Richard Greenfield, a BTIG Research analyst has heard good reviews about FX’s hit show The Americans. With that, he intended to catch up on the TV series without having to pay additional $1.99 per episode transactional fee on top of his usual pay TV bill.
He blogged about his viewing experience and has drafted the difference between the service of TV Everywhere and more select interfaces that can be found on subscription video-on-demand services such as Amazon and Netflix.
“While we are singling out FX’s ‘The Americans’ (it was simply the show we wanted to watch and which we really enjoyed watching), the larger TV Everywhere problem we are highlighting affects virtually all broadcast and basic cable networks,” Greenfield states in his blog. “TV Everywhere not only feels more like TV Not Everywhere, but the consumer experience/viewing rules are nowhere near what they need to be.”
So what happened?
Richard Greenfield had no difficulties in viewing all 13 first-season episodes of “The Americans” via Amazon Instant Video, watching them on both his Roku and Fire TV devices. The difficulties arose while attempting to view season two, which isn’t offered yet via SVOD.

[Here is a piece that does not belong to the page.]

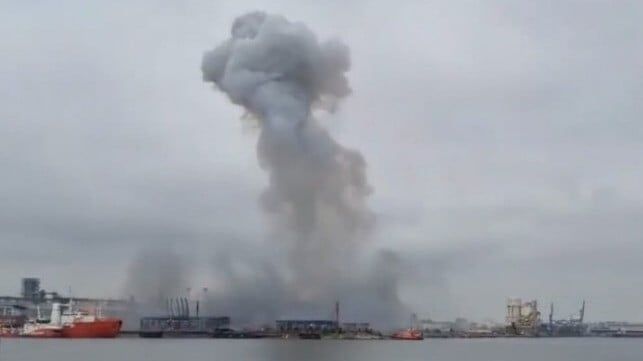 Imagen de portada - Ucrania culpa a la interferencia mientras un dron se desvía hacia un puerto rumano y explota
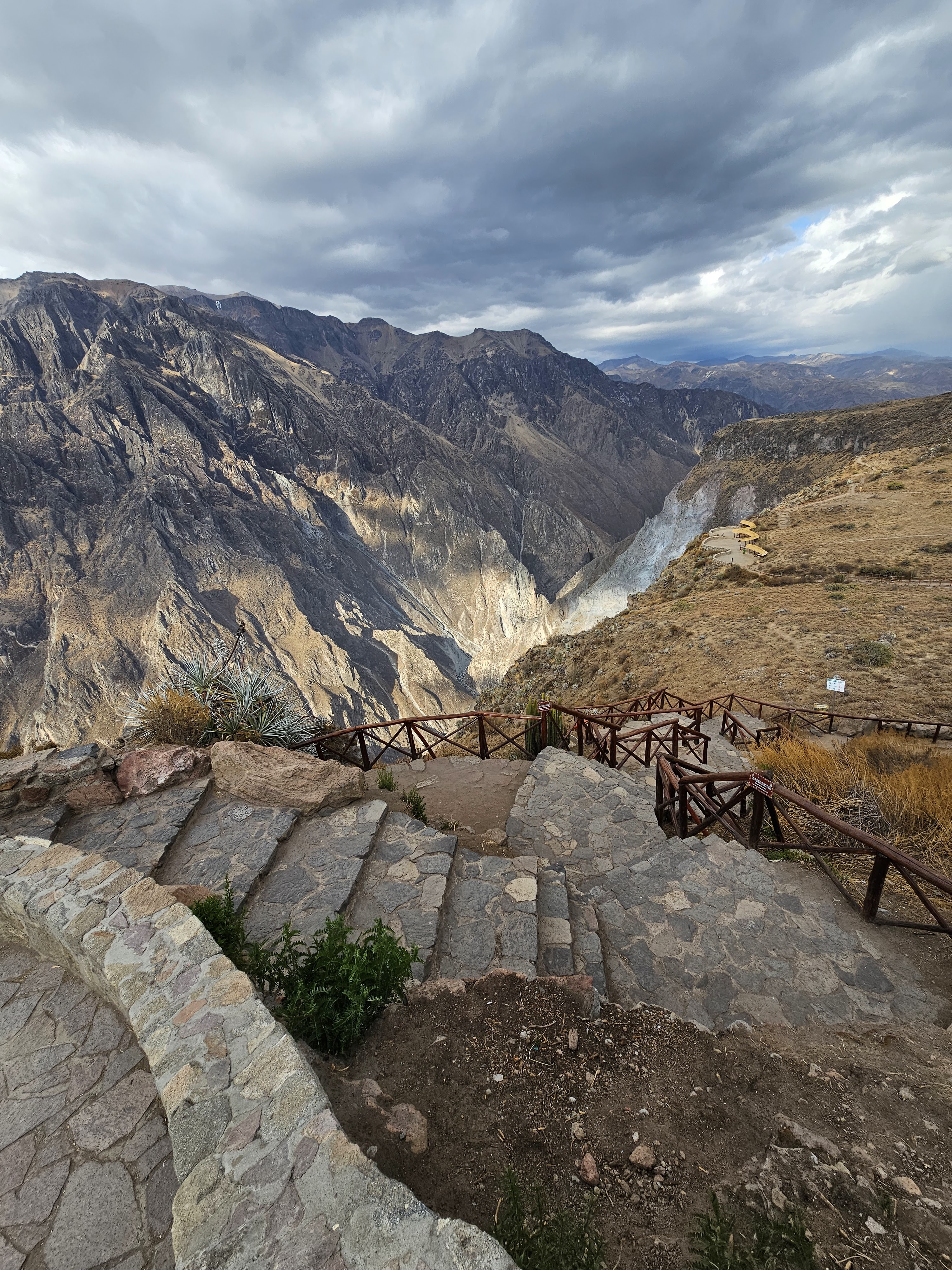 Mirador Cruz del Cóndor 9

“After enjoying season one of ‘The Americans’ during March and April 2014, we wanted to continue binging right through season two, which was nearing completion on FX in mid-May. The question became how to watch. No FX apps were available on the Roku, Apple TV, FireTV, etc., so we turned to Time Warner Cable’s video-on-demand using their new set-top box VOD portal. We navigated by network to FX and found ‘The Americans’ rather easily. Unfortunately, the only episodes available were for season two starting at episodes four. Now what? We were determined to not pay extra for content we had already paid for, but had simply not recorded on our DVR.”
Greenfield came in touch with the episode collection he was searching for on the FX website. But the choice of accessible devices for playback was limited to his laptop or iPad. He also complained that the commercial load were too plenty and recurring.
“These 60-90 second ad breaks quickly became tortuous due to the repetition of the ads,” he wrote on his blog. “Some days we were shown the same two commercials during every single ad break (Audi and Burger King). Other days we ended up with the exact same ad (Audi) running three times during every commercial break (and remember fast-forwarding was disabled).”
Watching the first three episodes of the second season with that kind of distress, Richard Greenfield decided to rely on Time Warner Cable’s video on demand service for episode four. With only two episodes left to watch, he once again grew frustrated last month when all the second season episodes of the show were pulled off the website.
“No warning, no alert saying you better watch these soon or else they will disappear,” Greenfield writes. “We presume season two episodes are now all unavailable until they become accessible on Amazon later this year commercial-free, despite the fact that we were willing to suffer through repetitious, unfastforwardable ads to finish season two… Our only choice to watch the final two episodes was to purchase them for $1.99 each, which felt like an insult given that we pay a significant monthly cable video bill, along with Netflix and Amazon Prime subscriptions.”